# EXERCISE DATA:
======
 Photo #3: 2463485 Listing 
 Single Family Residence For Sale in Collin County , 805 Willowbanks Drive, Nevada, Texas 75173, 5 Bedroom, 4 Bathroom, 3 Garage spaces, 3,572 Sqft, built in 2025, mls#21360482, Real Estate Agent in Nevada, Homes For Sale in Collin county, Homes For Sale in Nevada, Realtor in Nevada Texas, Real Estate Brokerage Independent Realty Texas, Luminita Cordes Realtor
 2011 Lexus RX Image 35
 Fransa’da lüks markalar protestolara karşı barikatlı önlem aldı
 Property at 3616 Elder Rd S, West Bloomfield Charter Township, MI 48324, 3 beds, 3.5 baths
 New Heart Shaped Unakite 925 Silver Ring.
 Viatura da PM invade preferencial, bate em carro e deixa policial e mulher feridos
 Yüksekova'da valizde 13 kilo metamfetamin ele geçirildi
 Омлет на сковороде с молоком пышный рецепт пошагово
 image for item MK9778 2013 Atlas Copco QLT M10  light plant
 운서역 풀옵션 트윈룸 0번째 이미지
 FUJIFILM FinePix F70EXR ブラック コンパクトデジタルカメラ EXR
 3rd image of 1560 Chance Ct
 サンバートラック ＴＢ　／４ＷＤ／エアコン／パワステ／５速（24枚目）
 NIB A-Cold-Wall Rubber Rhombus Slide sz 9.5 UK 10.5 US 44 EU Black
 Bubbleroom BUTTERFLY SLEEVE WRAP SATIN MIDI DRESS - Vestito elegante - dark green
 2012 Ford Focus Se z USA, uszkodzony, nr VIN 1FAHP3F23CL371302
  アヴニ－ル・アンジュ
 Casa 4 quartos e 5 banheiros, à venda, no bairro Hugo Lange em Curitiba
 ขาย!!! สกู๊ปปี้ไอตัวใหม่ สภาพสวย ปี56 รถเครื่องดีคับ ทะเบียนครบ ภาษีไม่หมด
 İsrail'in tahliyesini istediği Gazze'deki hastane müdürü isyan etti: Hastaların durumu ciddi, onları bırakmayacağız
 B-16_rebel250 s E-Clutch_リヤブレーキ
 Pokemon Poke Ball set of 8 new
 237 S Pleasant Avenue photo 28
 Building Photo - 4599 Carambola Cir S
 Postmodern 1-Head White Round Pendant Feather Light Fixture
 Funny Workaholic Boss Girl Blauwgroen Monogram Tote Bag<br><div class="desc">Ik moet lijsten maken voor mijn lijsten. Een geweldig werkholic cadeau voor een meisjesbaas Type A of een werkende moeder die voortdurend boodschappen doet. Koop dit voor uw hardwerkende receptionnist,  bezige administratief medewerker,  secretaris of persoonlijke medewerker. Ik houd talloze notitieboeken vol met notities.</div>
======
# WORK REQUEST:
The answer should contain only the lines from the first line of the entries through the line holding "Viatura da PM", each exactly as written.

# ANSWER TO THE PROBLEM:
 Photo #3: 2463485 Listing 
 Single Family Residence For Sale in Collin County , 805 Willowbanks Drive, Nevada, Texas 75173, 5 Bedroom, 4 Bathroom, 3 Garage spaces, 3,572 Sqft, built in 2025, mls#21360482, Real Estate Agent in Nevada, Homes For Sale in Collin county, Homes For Sale in Nevada, Realtor in Nevada Texas, Real Estate Brokerage Independent Realty Texas, Luminita Cordes Realtor
 2011 Lexus RX Image 35
 Fransa’da lüks markalar protestolara karşı barikatlı önlem aldı
 Property at 3616 Elder Rd S, West Bloomfield Charter Township, MI 48324, 3 beds, 3.5 baths
 New Heart Shaped Unakite 925 Silver Ring.
 Viatura da PM invade preferencial, bate em carro e deixa policial e mulher feridos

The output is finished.